I am a woodworker and all around crafts person that found pen turning. sort of got stuck here at least for a while. I don't consider I am a Pen Maker, That is for the people that have to break out the micrometer and stuff to get the job done.


----------



## cozee (Nov 26, 2008)

I am a wood butcher who happened to find yet another way to destroy a prefectly good piece of wood!


----------



## texasfootball21 (Nov 26, 2008)

I read in a magazine one time that when you make the jump from just turning woods you can get and throwing them on kits you have to hand selecting everything and carefully selecting each component of your pen, from the ink to the nib, and building the pen bottom up as a piece of art, you make the jump from pen turner to pen maker. 

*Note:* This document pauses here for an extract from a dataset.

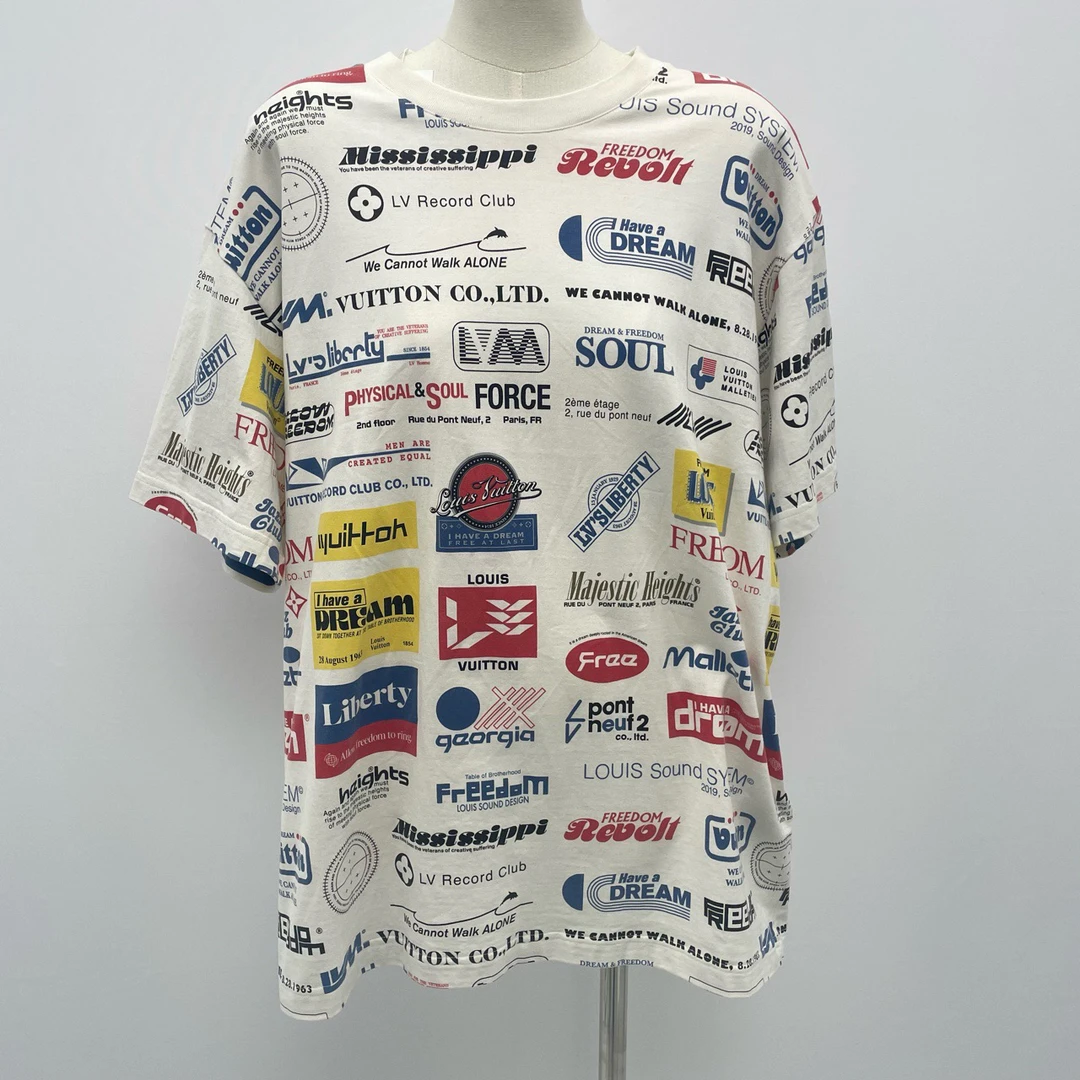 95新 LouisVuitton/路易威登 字母多徽标印花休闲短袖T恤L码/4213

That might not have made a lot of sense, but I thought it was relevant.


----------



## guts (Nov 26, 2008)

I consider myself a pen maker,although I don't make all the parts for the pens I make,after I finish making a pen,I'm a penturner,I hold it my hand and turn it to see how it looks all the way around.


----------



## altaciii (Nov 26, 2008)

I like to refer to all of us as not only penturners but artists.  I wonder how many of us signs a pen box card as "artist"  or pen created by "artist name".


----------



## NewLondon88 (Nov 26, 2008)

Pencrafter .. sounds classier. Like you should be wearing your GOOD tee shirt when
you say it


----------



## Daniel (Nov 26, 2008)

Good T-shirt? You don't wanna seeeeeee my good T-Shirt. it is the comfy one and it ain't pretty.


----------



## mobrackett (Nov 27, 2008)

I call myself a woodworker. I also make furniture, frames, bowls, bookcases, and anything else that a customer would like. :hammer:


----------



## Randy_ (Nov 27, 2008)

I prefer the term pencrafter as I'm a long, long way from being an artist.


----------



## GouletPens (Nov 28, 2008)

Since I know that anyone in the PMG would string you up in a tree if you unjustly call yourself a penmaker, I know I'm a pen turner. I make closed end stuff, do all kinds of laminations, laser engraving, gilding, patination, casting, etc. I'm not hung up on the label. Heck, its most important that I'm a pen seller or I can't afford to turn or make or craft anything!


----------



## TellicoTurning (Nov 29, 2008)

I tell people I'm a wood turner.  I turn wood into saw dust.


----------



## bruce119 (Nov 30, 2008)

I do say an artist. I make interactive art that you can show and use. I have a few unique things also. I give with the pen a small card numbered and signed by me the artist with a description with each pen I sell. People like that.

Bruce


----------



## intillzah (Dec 4, 2008)

I'm just a penturner....   Pure and simple...


----------



## stevers (Dec 4, 2008)

My wife calls me a black hole where money disappears.


----------



## Skye (Dec 5, 2008)

Hmmm... mine involves the word 'hole' as well sometimes...


----------



## penhead (Dec 5, 2008)

Sawdust artisan....yep, I can make a right nice pile of sawdust


----------



## Randy_ (Dec 8, 2008)

Maybe pen artisan would be approriate?
 
 

ar·ti·san [ rtəz'n ] (_plural_ ar·ti·sans)
noun Definition: *skilled craftsperson: *somebody who is skilled at a craft


----------